* **EXERCISE PROMPT**
Search the records for the line with "Batch refers to". Output that line and each line after it, exactly, and stop at the end; omit pictures.

* **GIVEN RECORDS**
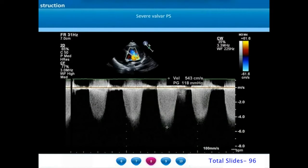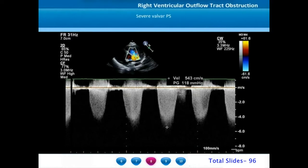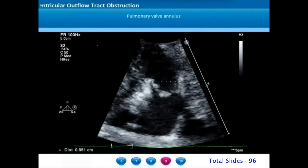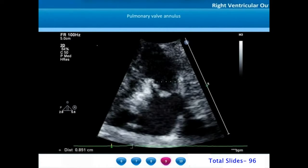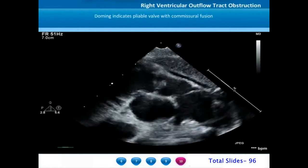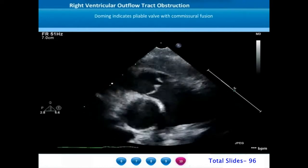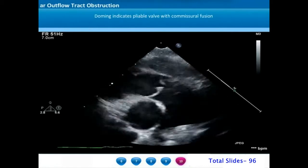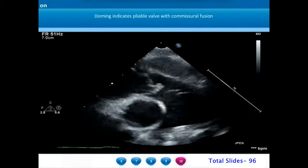Using spectral Doppler interrogation we can assess the severity of pulmonary stenosis. Here we have a pulmonary stenosis gradient exceeding 100 mm of mercury, which qualifies as severe valvar pulmonary stenosis. On a frozen systolic frame of the long axis of the outflow tract, we can measure the pulmonary annulus from the hinge points of the pulmonary valve. The doming of the pulmonary valve indicates the valve leaflets are pliable and the mechanism of stenosis is due to commissural fusion.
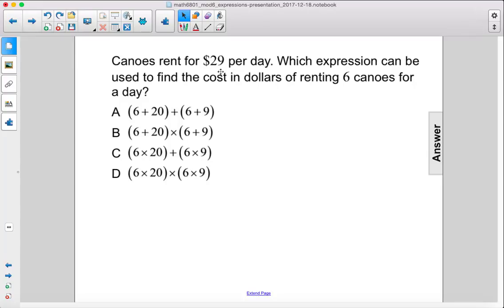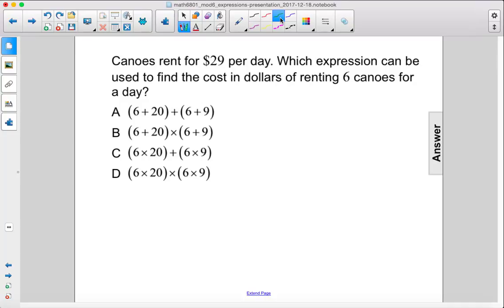Canoes rent for $29 per day. Which expression can be used to find the cost in dollars of renting 6 canoes for a day? Alright, so we have 6 canoes times $29.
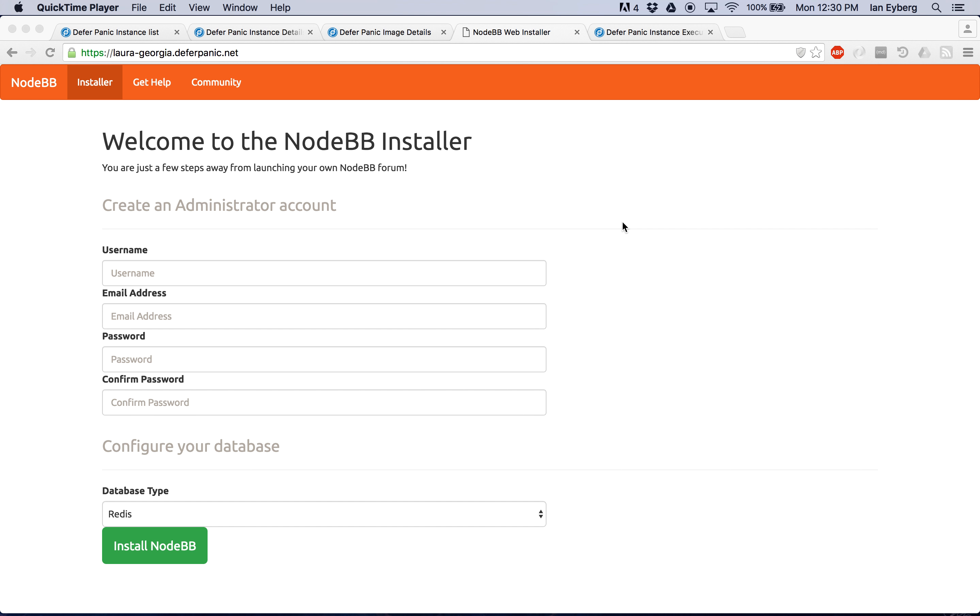Welcome to the video tutorial series for using the Deferpanic Unikernel infrastructure. Today, we're playing with Node, trying to get this NodeBB set up, and it works.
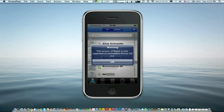Hey guys, if you're a first time user for jailbreaking your iPhone or any other iDevice, you might realize that you're having some problems with applications such as Skype or Safari, or possibly any Cydia applications that you might have downloaded.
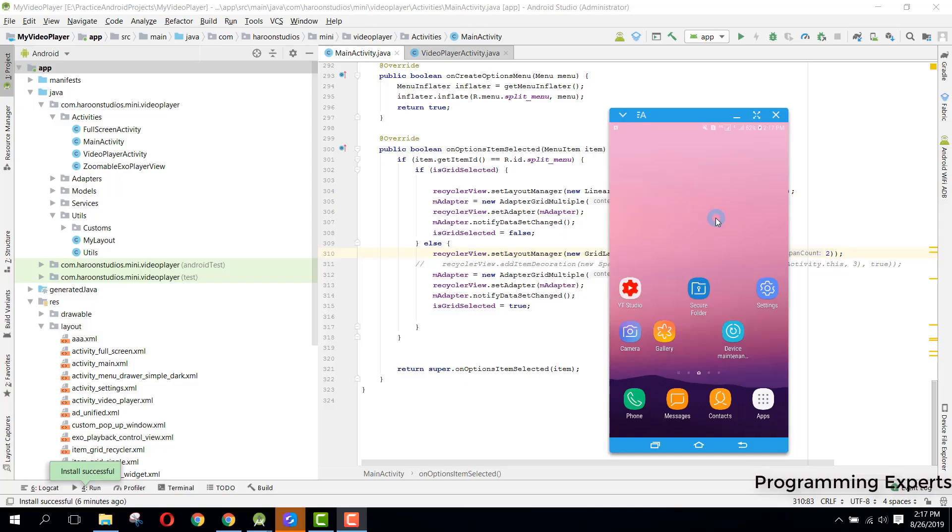Bismillahirrahmanirrahim, welcome to my another video on Android app development. In this video, I am going to give you a detailed demo of my new app, a video player using ExoPlayer and floating widget. I have also used the zooming feature in the app so you can easily zoom in or zoom out of your videos.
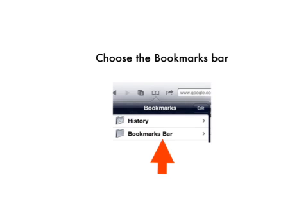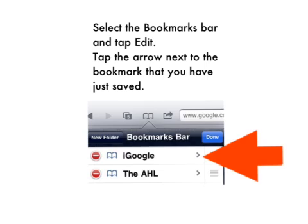Now we're going to edit that bookmark that you've just created. Choose Bookmarks and choose the Bookmarks Bar. You'll see Edit — once you click on Edit, you'll see the bookmark you just saved come up. It'll have a little arrow on it; tap on that to open it.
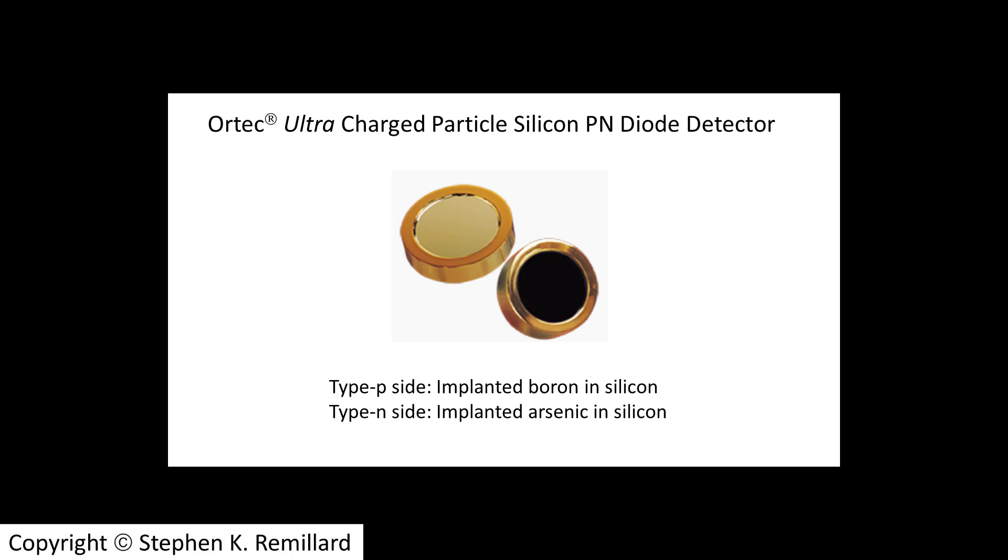I do believe we're using an unmetallized detector, boron-doped and arsenic-doped. Charged particles arrive at the PN junction and in the surface layer, very close to the surface because that's as far as they penetrate, is where they are finally stopped.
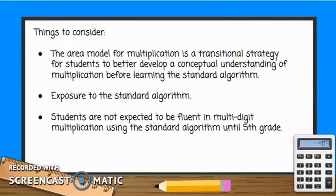We do show students the standard algorithm for multiplication alongside the area model so that students have a better understanding of why the algorithm works. Students are not expected to be fluent in multi-digit multiplication using the standard algorithm until fifth grade.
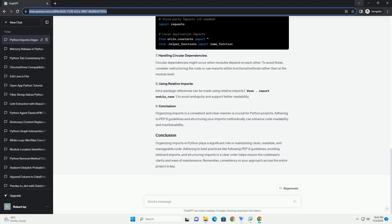Chat GPT: Certainly, organizing imports in a Python project is crucial for readability, maintainability, and reducing potential issues related to circular dependencies or import conflicts. Here's an informative tutorial on the correct way to organize imports in a small Python project, along with code examples. PEP 8 is Python's style guide. It suggests organizing imports in a specific order.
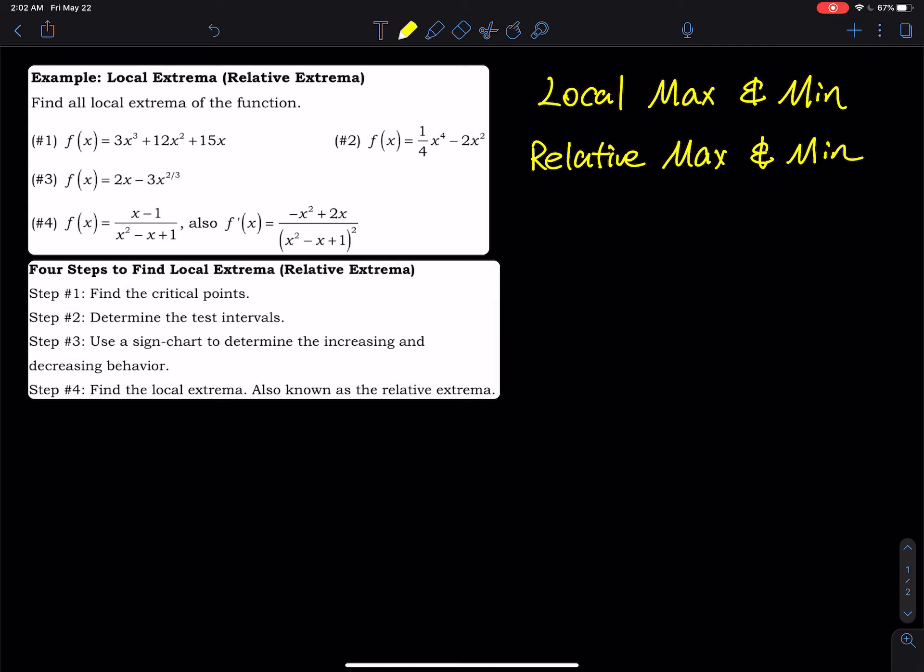In this video we are going to follow a four-step procedure to find the local maximum and local minimum of given functions. Local minimum and local maximum have another name — some textbooks call them relative minimum and relative maximum. When you see the words local or relative, they are pretty much the same thing.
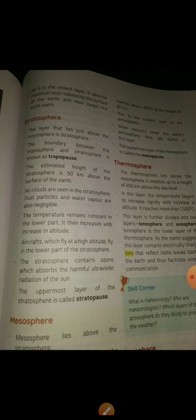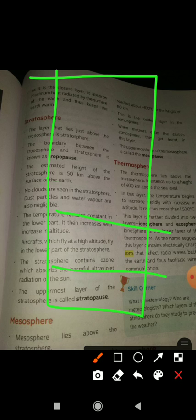The thermosphere extends up to about 400 km. This layer is divided into two parts: the lower part and the upper part of the thermosphere.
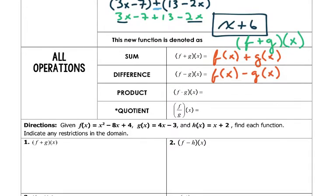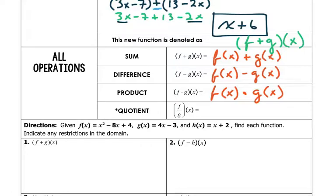For multiplication, (f times g) of x equals f of x times g of x. And for division, (f over g) of x equals f of x over g of x. These notations all mean the same thing — they're just different ways to express the operations between functions.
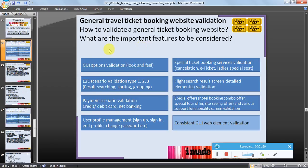The first and foremost feature to be tested is GUI option validation, or look and feel. Whenever a user opens a ticket booking website, they should feel connected with it, and GUI elements play an important role. It basically gives a look and feel to the user and makes them visit the same website again and again.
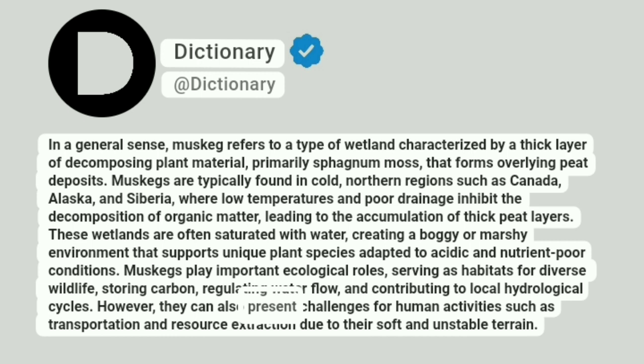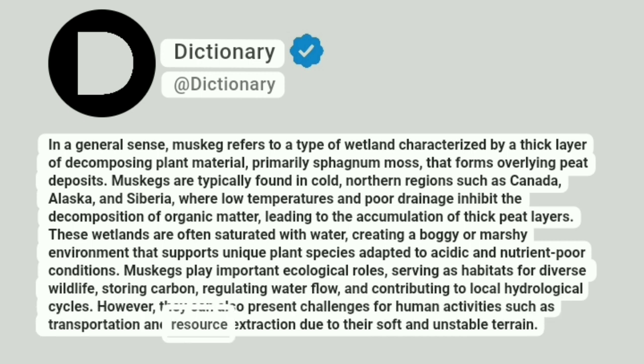However, they can also present challenges for human activities such as transportation and resource extraction due to their soft and unstable terrain.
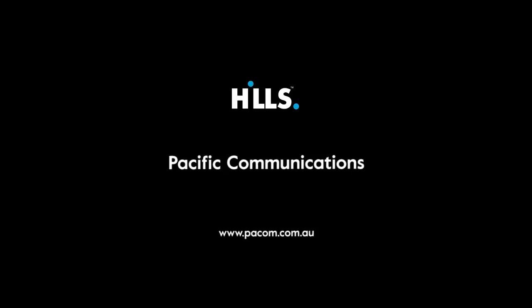For further information, please contact your local Pacific Communications Branch. Thanks for listening.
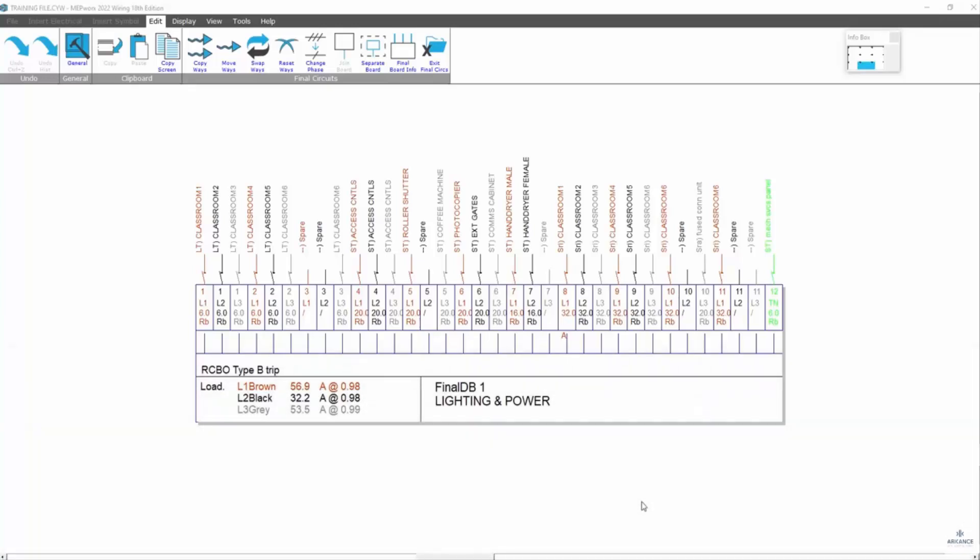This video is about rearranging a board and setting it up from a single type board to a split board. So here's a typical board. You can see a mix of lighting and stationary equipment circuits.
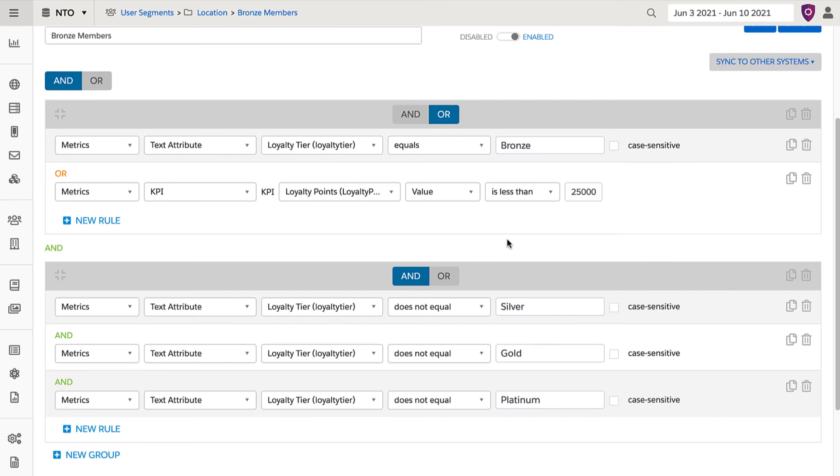One thing to check is how the attribute is collected. To do this, you can go into your user profile and then manually change the loyalty status level to see if it is appearing in the correct segment.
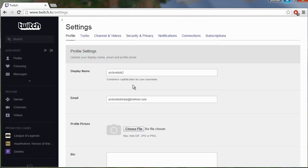Here you can see your name and as you can see it says customize the capitalization for your username.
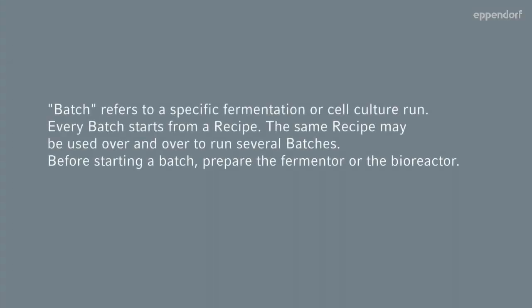Batch refers to a specific fermentation or cell culture run. Every batch starts from a recipe. The same recipe may be used over and over to run several batches. Before starting a batch, prepare the fermenter or the bioreactor.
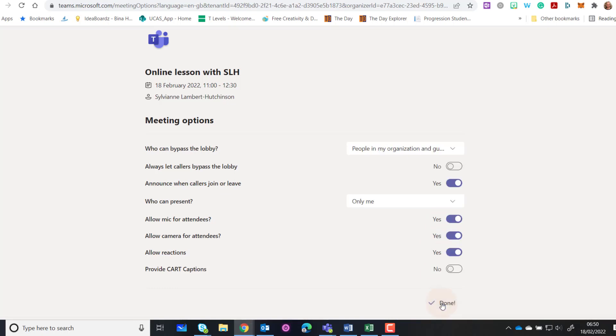that will save the options for you so none of the students can boot you out of your meeting, change the settings, or start presenting.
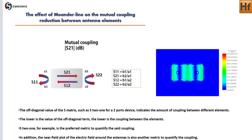The off-diagonal value of the S-matrix, such as S21 for a two-port device, indicates the amount of coupling between different elements. The lower the value of the off-diagonal term, the lower the coupling between the elements. S21 is the preferred metric to quantify the said coupling. In addition, the near-field plot of the electric field around the antennas is also another metric to quantify the coupling.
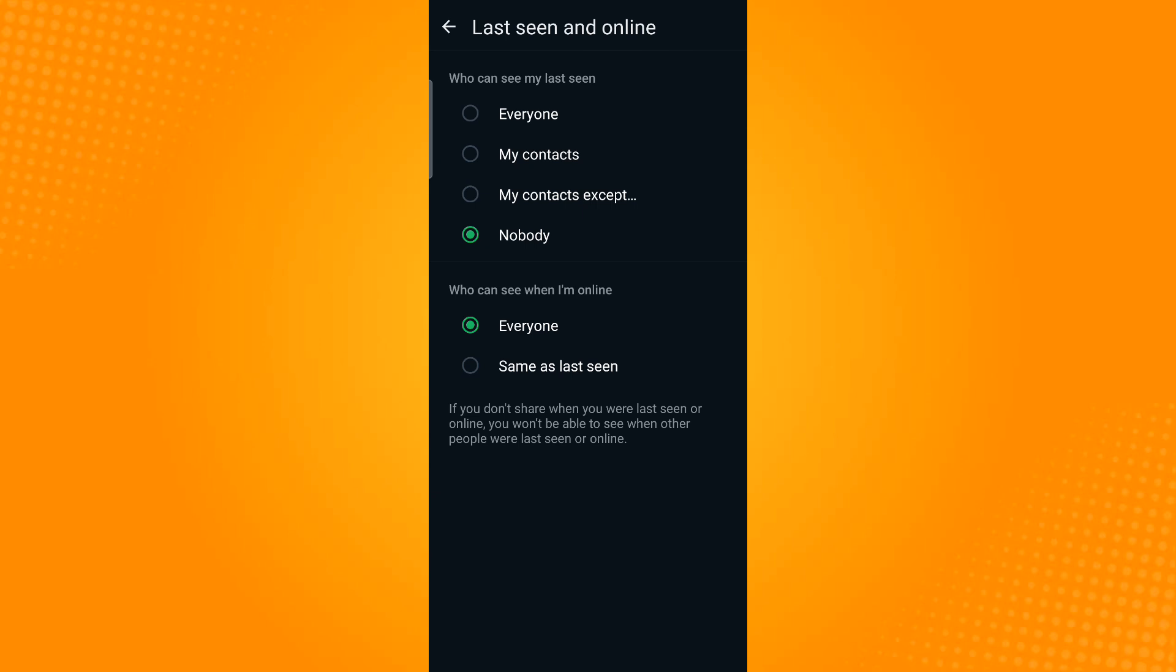And under who can see when I'm online, by default it's Everyone, so let's change that to Same as last seen. When changing the setting to Same as last seen, it will mirror whatever option you chose in the last seen section, which is Nobody.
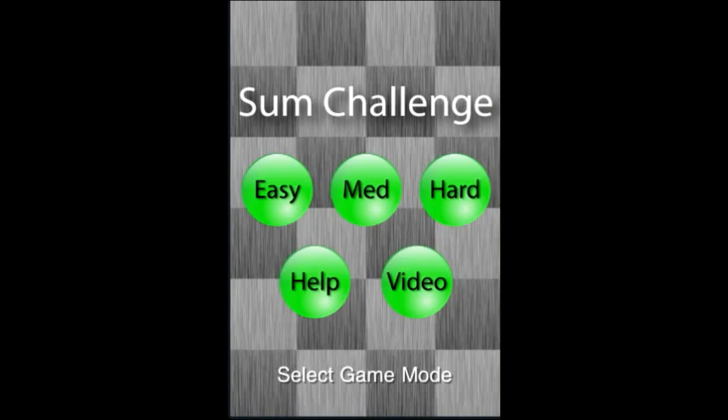This is Sum Challenge, an iPhone puzzle game by Socially Conscious Software LLC, copyright 2010. Let's check it out and see how to play.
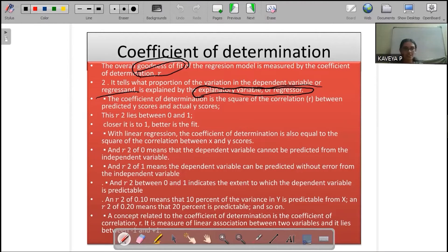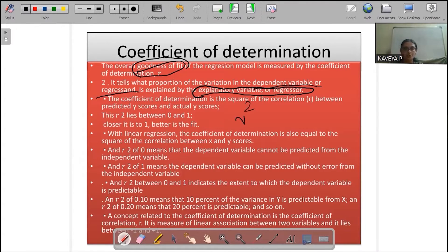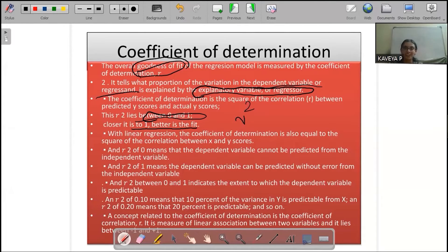Now let's look at the R squared value — R raised to 2. The value of R² ranges from 0 to 1. If the value is closer to 1, better the fit of the model. That is, our dependent variable is well explained by the independent variable — a perfect fit.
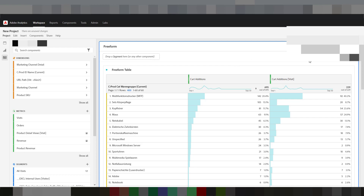But I can also count it once per visit, so in that case all these three cart additions would count as one. Here we have an extreme example where a number of 'Sets Körperpflege' had 105 cart additions on a hit level and 20 on a per-visit level.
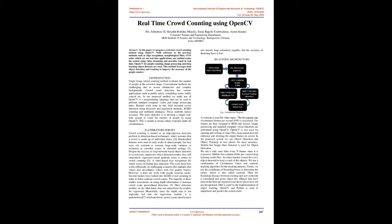System architecture. A webcam is used for video input. The throughput rate of estimated frames per second (FPS) is calculated. The frames are then swapped to RGB and resized.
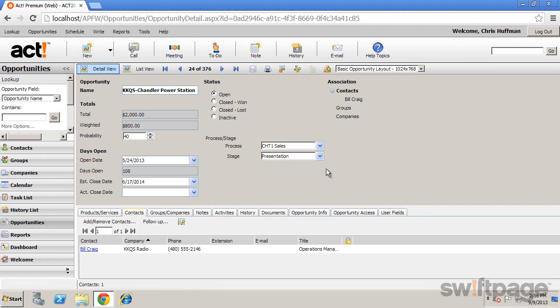As we've seen, opportunities allow you to track potential sales to see what deals are pending and to see how efficiently your sales process is working.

* **RESPONSE**
Batch refers to a specific fermentation or cell culture run. Every batch starts from a recipe. The same recipe may be used over and over to run several batches. Before starting a batch, prepare the fermenter or the bioreactor.
that will save the options for you so none of the students can boot you out of your meeting, change the settings, or start presenting.
The off-diagonal value of the S-matrix, such as S21 for a two-port device, indicates the amount of coupling between different elements. The lower the value of the off-diagonal term, the lower the coupling between the elements. S21 is the preferred metric to quantify the said coupling. In addition, the near-field plot of the electric field around the antennas is also another metric to quantify the coupling.
And under who can see when I'm online, by default it's Everyone, so let's change that to Same as last seen. When changing the setting to Same as last seen, it will mirror whatever option you chose in the last seen section, which is Nobody.
This is Sum Challenge, an iPhone puzzle game by Socially Conscious Software LLC, copyright 2010. Let's check it out and see how to play.
Now let's look at the R squared value — R raised to 2. The value of R² ranges from 0 to 1. If the value is closer to 1, better the fit of the model. That is, our dependent variable is well explained by the independent variable — a perfect fit.
But I can also count it once per visit, so in that case all these three cart additions would count as one. Here we have an extreme example where a number of 'Sets Körperpflege' had 105 cart additions on a hit level and 20 on a per-visit level.
System architecture. A webcam is used for video input. The throughput rate of estimated frames per second (FPS) is calculated. The frames are then swapped to RGB and resized.
As we've seen, opportunities allow you to track potential sales to see what deals are pending and to see how efficiently your sales process is working.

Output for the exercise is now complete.